Employee Stock Ownership Plan and Trust Agreement
Fleetwood S. Hassell, Douglas H. Sass, Sheryl G. Sharry, and Eugene H. Walpole, IV currently serve as Plan Administrators and as Trustees for the ESOP. Any employee of the Bank is eligible to become a participant in the ESOP upon reaching 21 years of age and credited with one-year of service (1,000 hours of service). The employee may enter the Plan on the January 1st that occurs nearest the date on which the employee first satisfies the age and service requirements described above. No contributions by employees are permitted. The amount and time of contributions to the Plan are at the sole discretion of the Board of Directors. The contribution for all participants is based solely on each participant’s respective regular or base salary and wages paid by the Bank including commissions, bonuses, and overtime, if any.
The Board of Directors approved the contribution of $420,000 to the ESOP for the fiscal year ended December 31, 2018. The contribution was made during 2018.
A participant becomes vested in the ESOP based upon the employee’s credited years of service. The vesting schedule is as follows:
● | 1 Year of Service | 0% Vested | |
● | 2 Years of Service | 25% Vested | |
● | 3 Years of Service | 50% Vested | |
● | 4 Years of Service | 75% Vested | |
● | 5 Years of Service | 100% Vested |
The Plan became effective as of January 1, 1989, was amended effective January 1, 2007, and approved by the Board of Directors on January 18, 2007. This amendment was made to comply with the Pension Protection Act of 2006. Periodically the Internal Revenue Service (“IRS”) requires a restatement of a qualified retirement plan to ensure that the plan document includes provisions required by legislative and regulatory changes made since the last restatement.
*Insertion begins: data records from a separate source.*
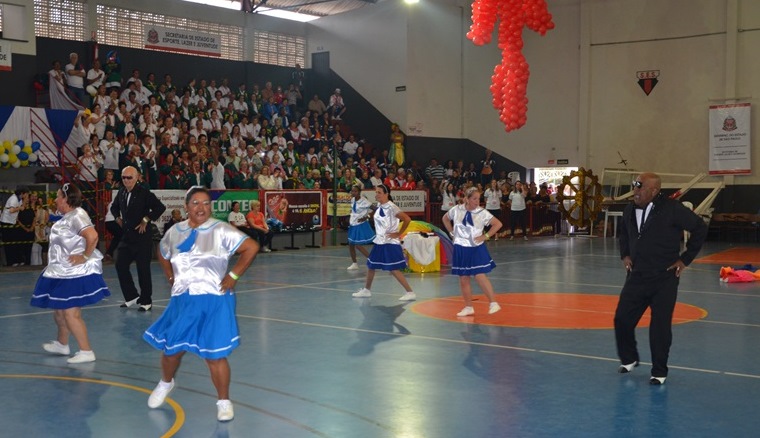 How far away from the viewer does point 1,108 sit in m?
20.3

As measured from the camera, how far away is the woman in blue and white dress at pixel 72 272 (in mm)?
8469

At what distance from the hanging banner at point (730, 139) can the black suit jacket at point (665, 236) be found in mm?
24580

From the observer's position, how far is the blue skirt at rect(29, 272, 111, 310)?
27.7 ft

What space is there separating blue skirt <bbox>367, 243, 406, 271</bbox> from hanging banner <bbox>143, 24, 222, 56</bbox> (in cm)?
1882

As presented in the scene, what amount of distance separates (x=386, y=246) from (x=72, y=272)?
5.85m

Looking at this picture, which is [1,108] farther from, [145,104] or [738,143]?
[738,143]

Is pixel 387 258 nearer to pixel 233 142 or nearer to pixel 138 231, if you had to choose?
pixel 138 231

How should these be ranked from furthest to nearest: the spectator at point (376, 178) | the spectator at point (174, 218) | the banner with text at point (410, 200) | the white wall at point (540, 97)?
the white wall at point (540, 97), the spectator at point (376, 178), the banner with text at point (410, 200), the spectator at point (174, 218)

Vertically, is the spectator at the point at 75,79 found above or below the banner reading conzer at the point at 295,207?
above

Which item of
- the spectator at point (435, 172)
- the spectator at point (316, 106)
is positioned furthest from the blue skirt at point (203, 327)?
the spectator at point (316, 106)

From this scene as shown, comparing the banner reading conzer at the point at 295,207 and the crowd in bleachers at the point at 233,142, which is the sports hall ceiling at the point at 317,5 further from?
the banner reading conzer at the point at 295,207

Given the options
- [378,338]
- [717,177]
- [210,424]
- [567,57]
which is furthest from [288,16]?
[210,424]

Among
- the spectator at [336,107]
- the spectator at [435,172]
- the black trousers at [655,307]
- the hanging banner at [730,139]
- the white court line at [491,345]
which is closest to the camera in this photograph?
the black trousers at [655,307]

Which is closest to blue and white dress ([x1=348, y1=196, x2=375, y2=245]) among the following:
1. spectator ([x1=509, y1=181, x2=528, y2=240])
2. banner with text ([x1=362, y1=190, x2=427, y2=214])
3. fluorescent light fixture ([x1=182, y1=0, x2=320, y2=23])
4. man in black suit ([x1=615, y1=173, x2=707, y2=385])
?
banner with text ([x1=362, y1=190, x2=427, y2=214]) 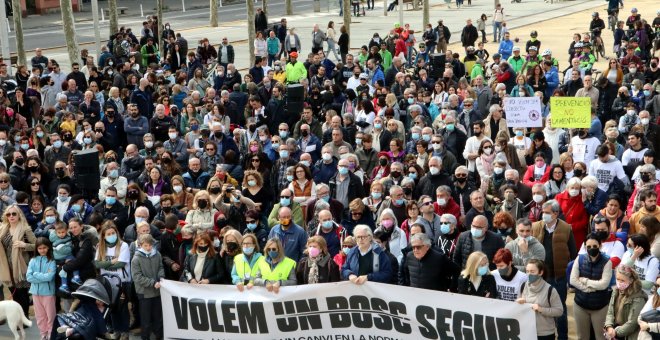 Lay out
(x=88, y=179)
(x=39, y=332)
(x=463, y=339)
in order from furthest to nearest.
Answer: (x=88, y=179) < (x=39, y=332) < (x=463, y=339)

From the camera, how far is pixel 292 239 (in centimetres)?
1332

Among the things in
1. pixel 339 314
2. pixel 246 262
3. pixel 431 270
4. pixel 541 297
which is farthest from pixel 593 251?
pixel 246 262

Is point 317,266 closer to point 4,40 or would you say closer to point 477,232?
point 477,232

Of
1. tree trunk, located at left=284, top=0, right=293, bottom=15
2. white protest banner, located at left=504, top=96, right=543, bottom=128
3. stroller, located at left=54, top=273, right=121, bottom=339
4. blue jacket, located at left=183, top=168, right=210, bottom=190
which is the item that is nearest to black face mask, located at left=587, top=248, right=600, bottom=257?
stroller, located at left=54, top=273, right=121, bottom=339

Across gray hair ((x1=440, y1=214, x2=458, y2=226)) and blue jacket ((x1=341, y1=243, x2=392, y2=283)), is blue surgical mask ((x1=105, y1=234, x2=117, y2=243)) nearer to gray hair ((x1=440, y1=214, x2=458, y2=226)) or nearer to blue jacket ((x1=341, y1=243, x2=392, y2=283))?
blue jacket ((x1=341, y1=243, x2=392, y2=283))

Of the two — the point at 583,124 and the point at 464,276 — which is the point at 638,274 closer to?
the point at 464,276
There have been no substantive changes to the plan. The Board of Directors approved a restated plan, on January 26, 2012 (incorporated as Exhibit 10.5 in the 2011 10-K). The Plan was submitted to the IRS for approval and a determination letter was issued September 26, 2013, stating that the plan satisfies the requirements of Code Section 4975(e)(7). On January 26, 2017, the Board of Directors approved a restated plan (incorporated as Exhibit 10.6 in the 2016 10-K). The Plan was submitted to the IRS for approval and a determination letter was issued November 17, 2017, stating that the plan satisfies the requirements of Code Section 4975(e)(7).
The Plan currently owns 308,613 shares or 5.34% of our common stock outstanding.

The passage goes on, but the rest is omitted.